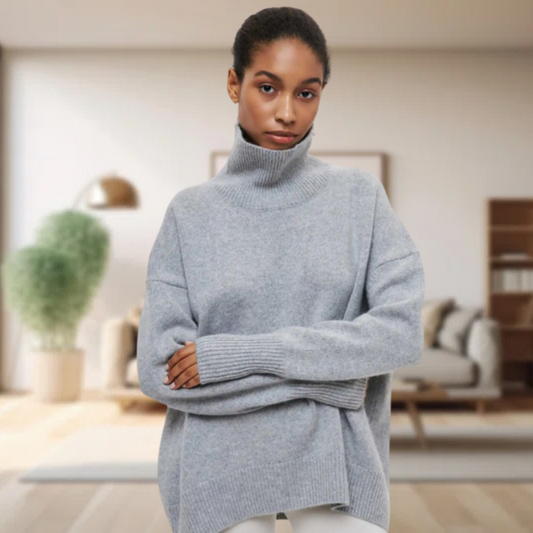 Frau in grauem Rollkragenpullover aus Wolle, gemütliches Wohnzimmer, moderne Einrichtung.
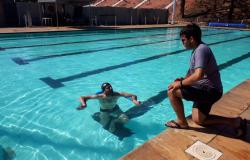 Universitário em piscina com raia olímpica, acompanhado por rapaz fora da piscina, durante o dia. 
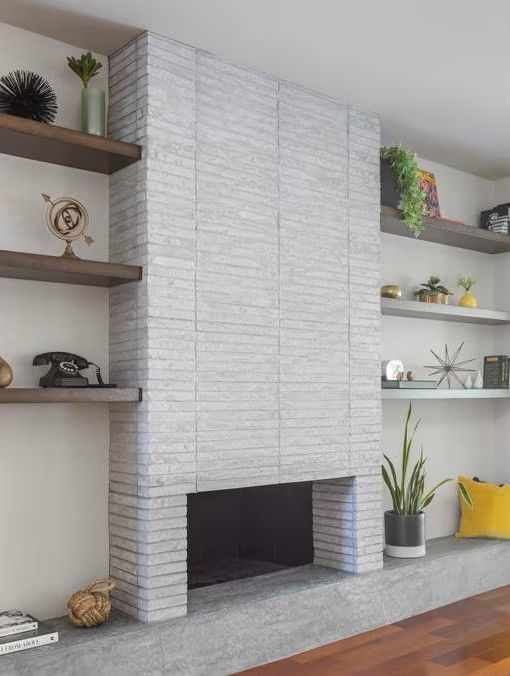 Modern fireplace with brick-like white facade, surrounded by wooden shelves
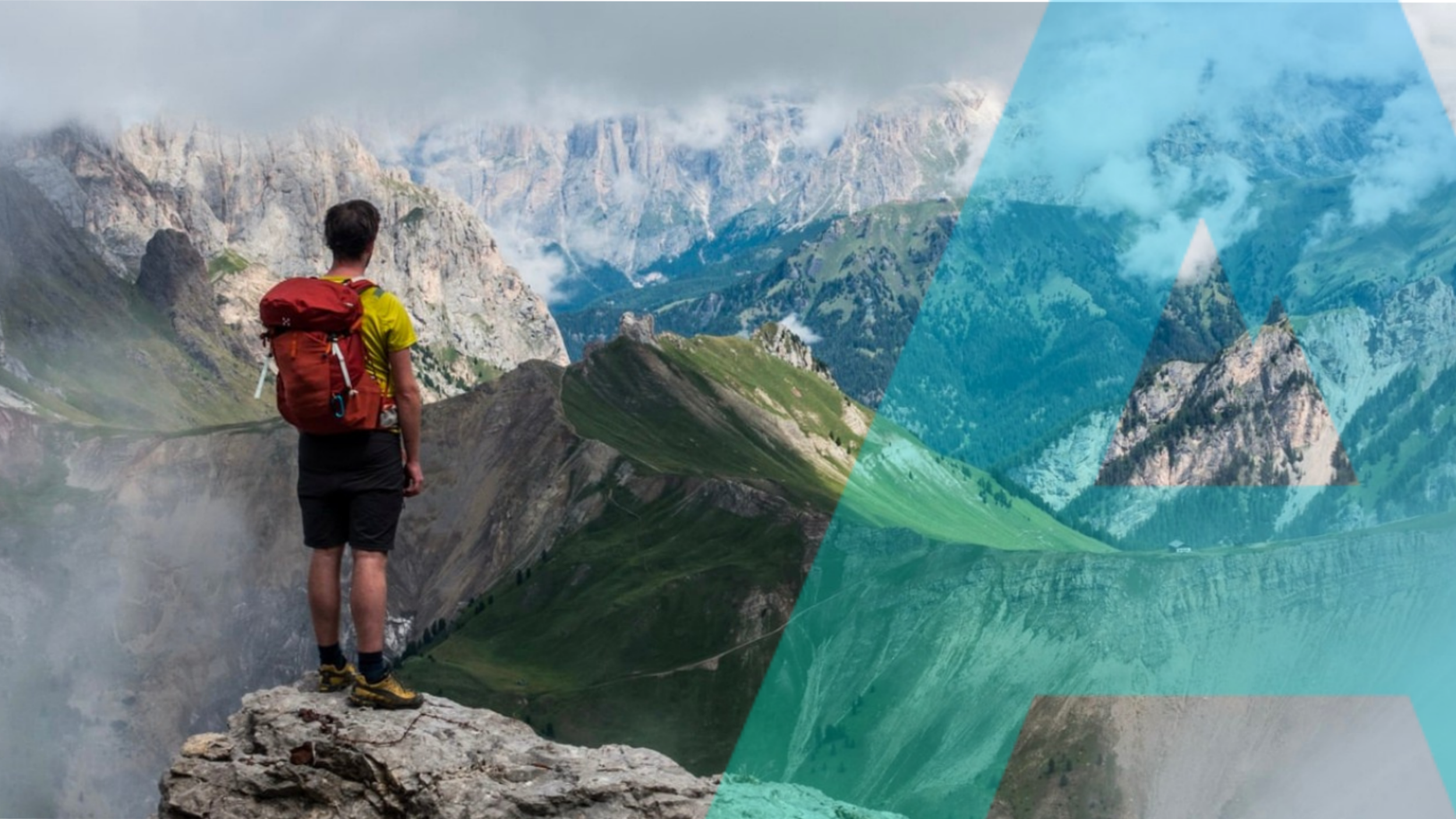 A man with a red backpack looking at mountains and a lake in a remote mountain landscape.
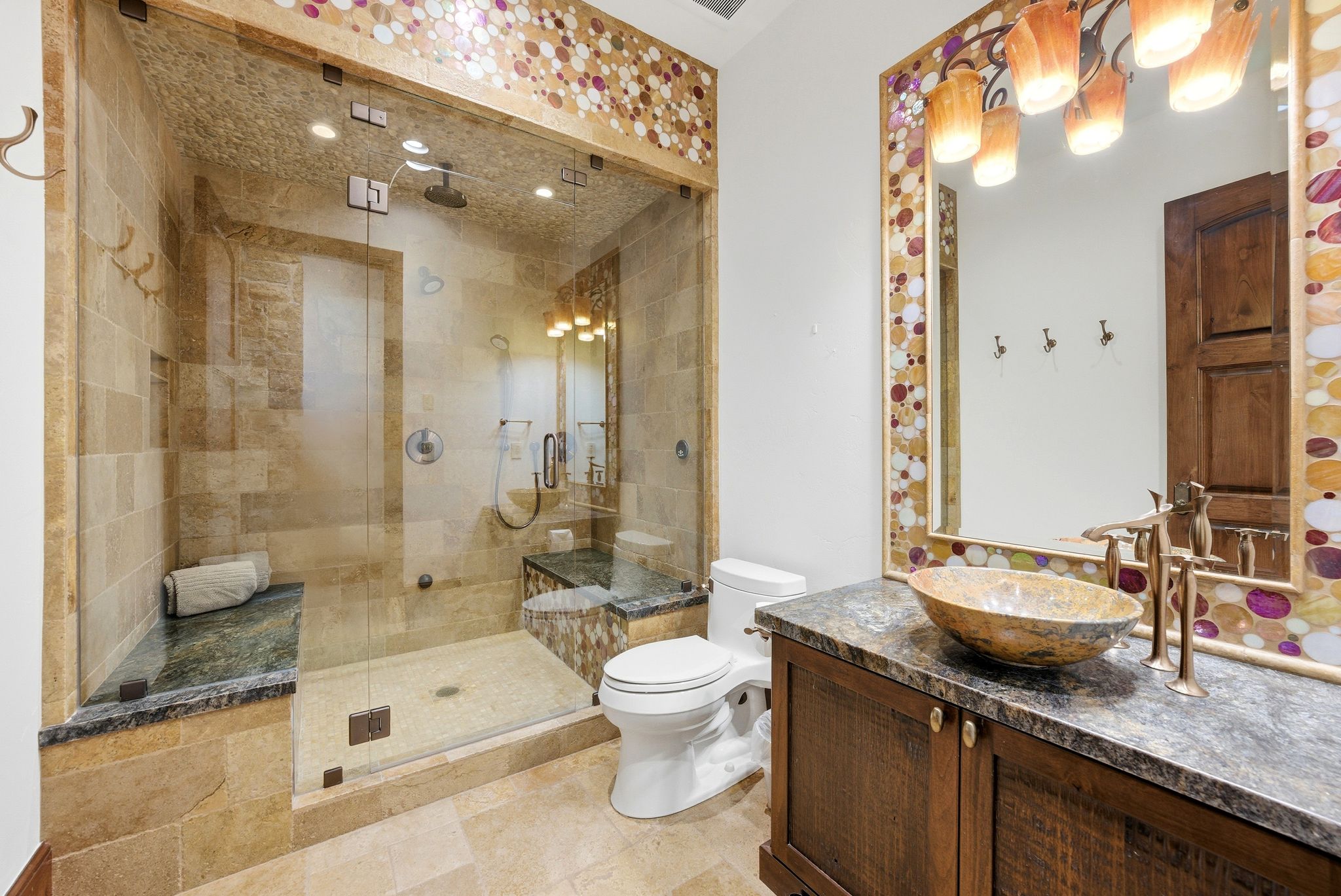 Spacious bathroom featuring a glass-enclosed shower with stone tile, a built-in shower bench, and a rain shower head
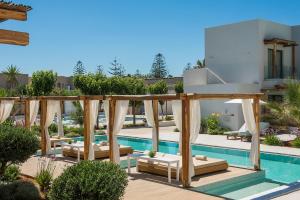 a swimming pool with chaise lounges next to a house at Paralos Lifestyle Beach Adults Only in Amoudara Herakliou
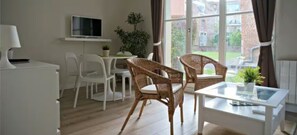 A room with a white desk, two wicker chairs, a TV on the wall, and a view of the outside. - Charming 2 rooms old Lille, terrace, parking (Lille)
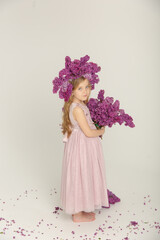 Little cute bright girl in the studio with lilac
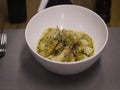 Pasta with shrimp being served on the table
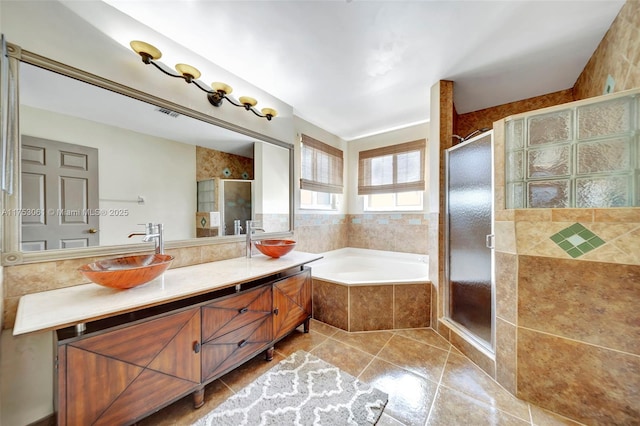 bathroom featuring double vanity, a sink, a shower stall, and a bath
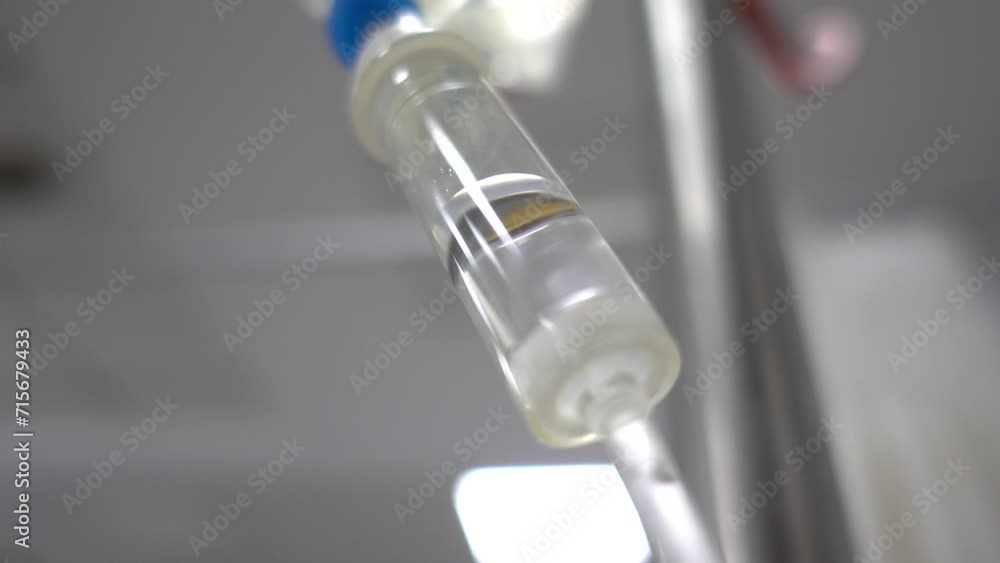 Fethiye, Turkey - 7th of January 2023: 4K Close up viewing medication dripping in dropper tube
Fethiye, Turkey - 7th of January 2023: 4K Close up viewing medication dripping in dropper tube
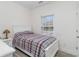 Bedroom with a bed with a blue and red striped quilt, a window and white night stand at 6001-1872 S Kings Hwy., Myrtle Beach, SC 29575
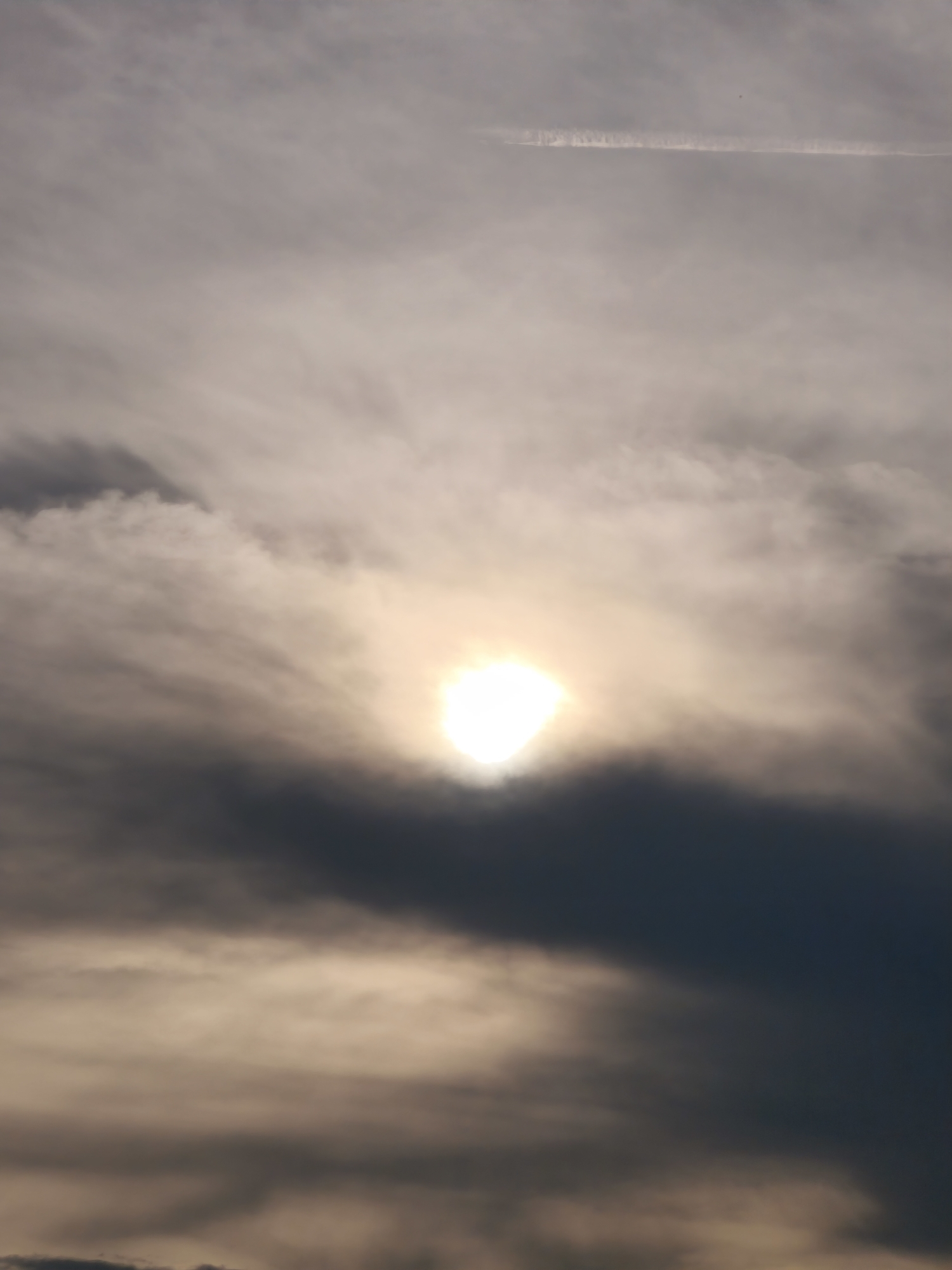 The image captures a segment of the sky above Passignano sul Trasimeno, Italy. Dark clouds dominate the lower half of the frame, with lighter, wispy clouds above them. The sun is a bright, luminous orb partially obscured by the clouds, creating a halo effect. A faint contrail from an aircraft is visible in the upper portion of the sky. The overall impression is one of a dramatic sky, possibly before or after a weather event. There are no discernible people, specific subjects, or actions depicted in the image. The environment is solely the sky.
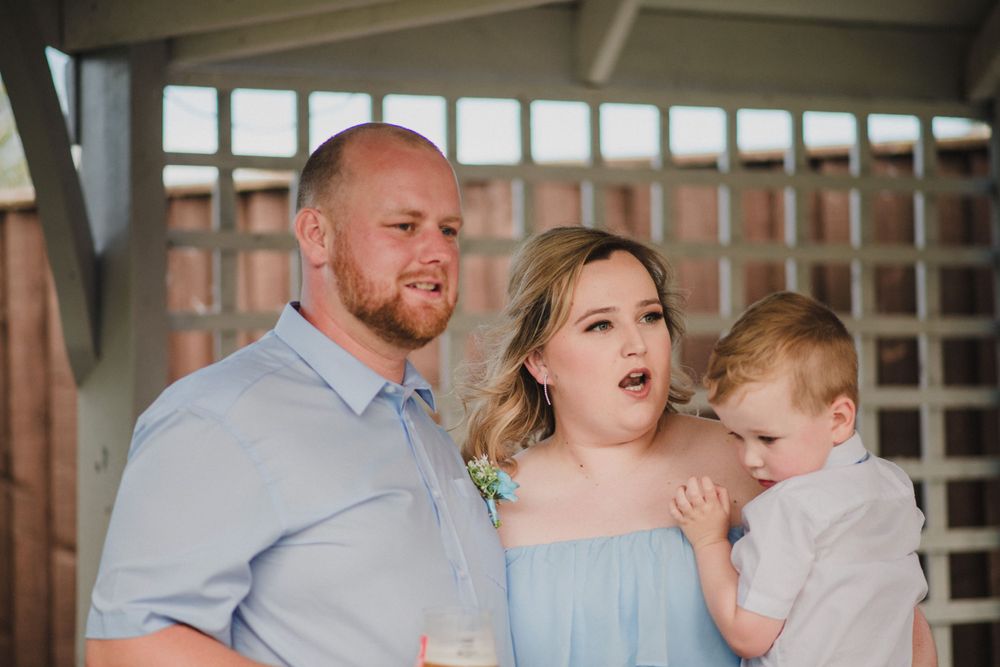 A sweet family moment captured under a gazebo at an outdoor event.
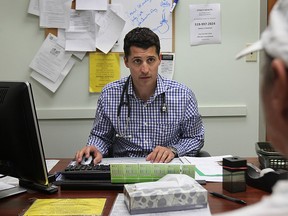 Dr. Peter Farago meets with a patient, Tuesday, Aug. 13, 2013, at his Windsor, Ont. office.  (DAN JANISSE/The Windsor Star)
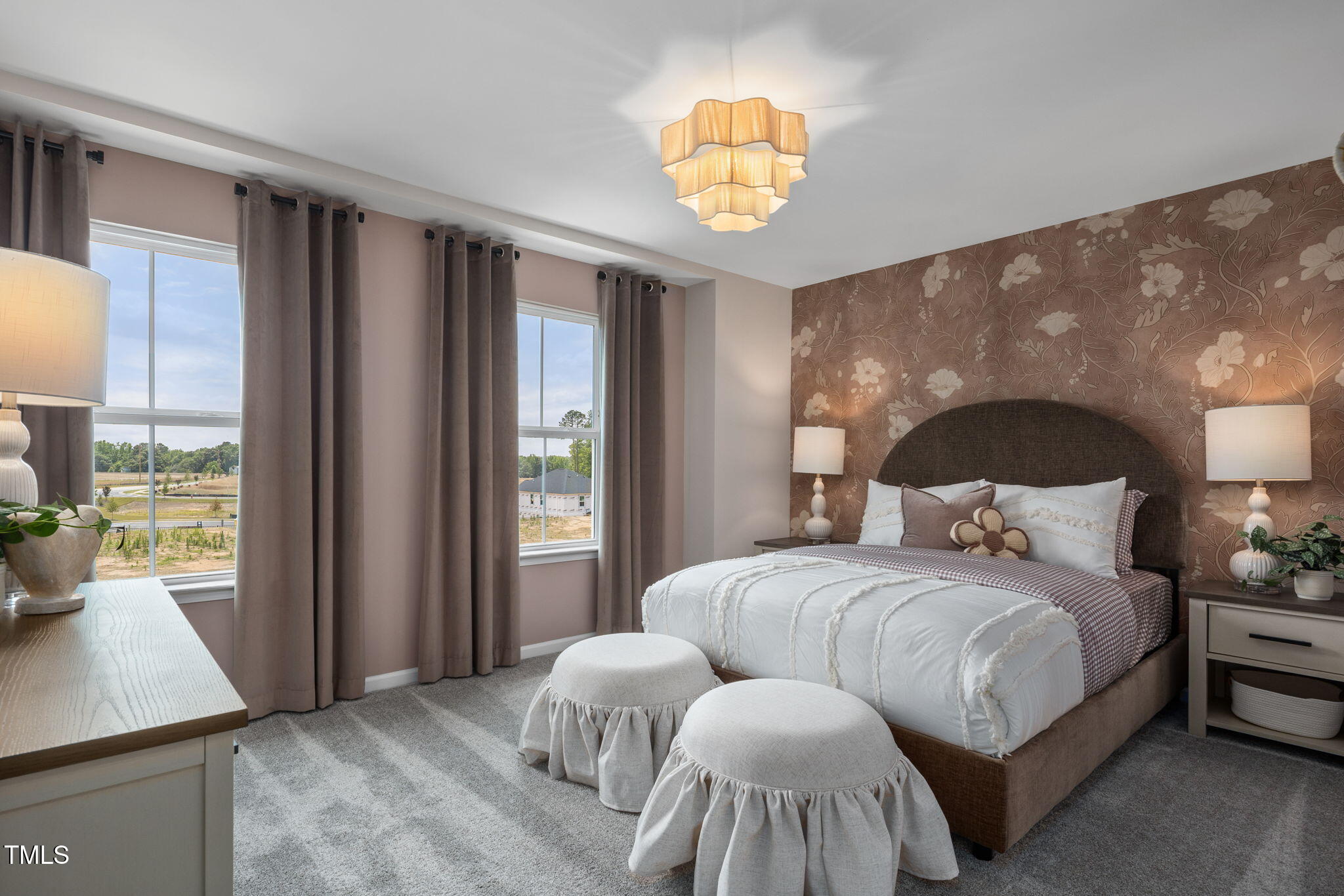 700 Ben Ledi Court Raleigh, NC 27603 - Photo 15 of 30 a bedroom with a bed and a large window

- [Work instruction]: If an entry holds a picture, leave that picture out, and transcribe the rest of the listing above exactly.

- [Answer box]:
 Frau in grauem Rollkragenpullover aus Wolle, gemütliches Wohnzimmer, moderne Einrichtung.
 Universitário em piscina com raia olímpica, acompanhado por rapaz fora da piscina, durante o dia. 
 Modern fireplace with brick-like white facade, surrounded by wooden shelves
 A man with a red backpack looking at mountains and a lake in a remote mountain landscape.
 Spacious bathroom featuring a glass-enclosed shower with stone tile, a built-in shower bench, and a rain shower head
 a swimming pool with chaise lounges next to a house at Paralos Lifestyle Beach Adults Only in Amoudara Herakliou
 A room with a white desk, two wicker chairs, a TV on the wall, and a view of the outside. - Charming 2 rooms old Lille, terrace, parking (Lille)
 Little cute bright girl in the studio with lilac
 Pasta with shrimp being served on the table
 bathroom featuring double vanity, a sink, a shower stall, and a bath
 Fethiye, Turkey - 7th of January 2023: 4K Close up viewing medication dripping in dropper tube
Fethiye, Turkey - 7th of January 2023: 4K Close up viewing medication dripping in dropper tube
 Bedroom with a bed with a blue and red striped quilt, a window and white night stand at 6001-1872 S Kings Hwy., Myrtle Beach, SC 29575
 The image captures a segment of the sky above Passignano sul Trasimeno, Italy. Dark clouds dominate the lower half of the frame, with lighter, wispy clouds above them. The sun is a bright, luminous orb partially obscured by the clouds, creating a halo effect. A faint contrail from an aircraft is visible in the upper portion of the sky. The overall impression is one of a dramatic sky, possibly before or after a weather event. There are no discernible people, specific subjects, or actions depicted in the image. The environment is solely the sky.
 A sweet family moment captured under a gazebo at an outdoor event.
 Dr. Peter Farago meets with a patient, Tuesday, Aug. 13, 2013, at his Windsor, Ont. office.  (DAN JANISSE/The Windsor Star)
 700 Ben Ledi Court Raleigh, NC 27603 - Photo 15 of 30 a bedroom with a bed and a large window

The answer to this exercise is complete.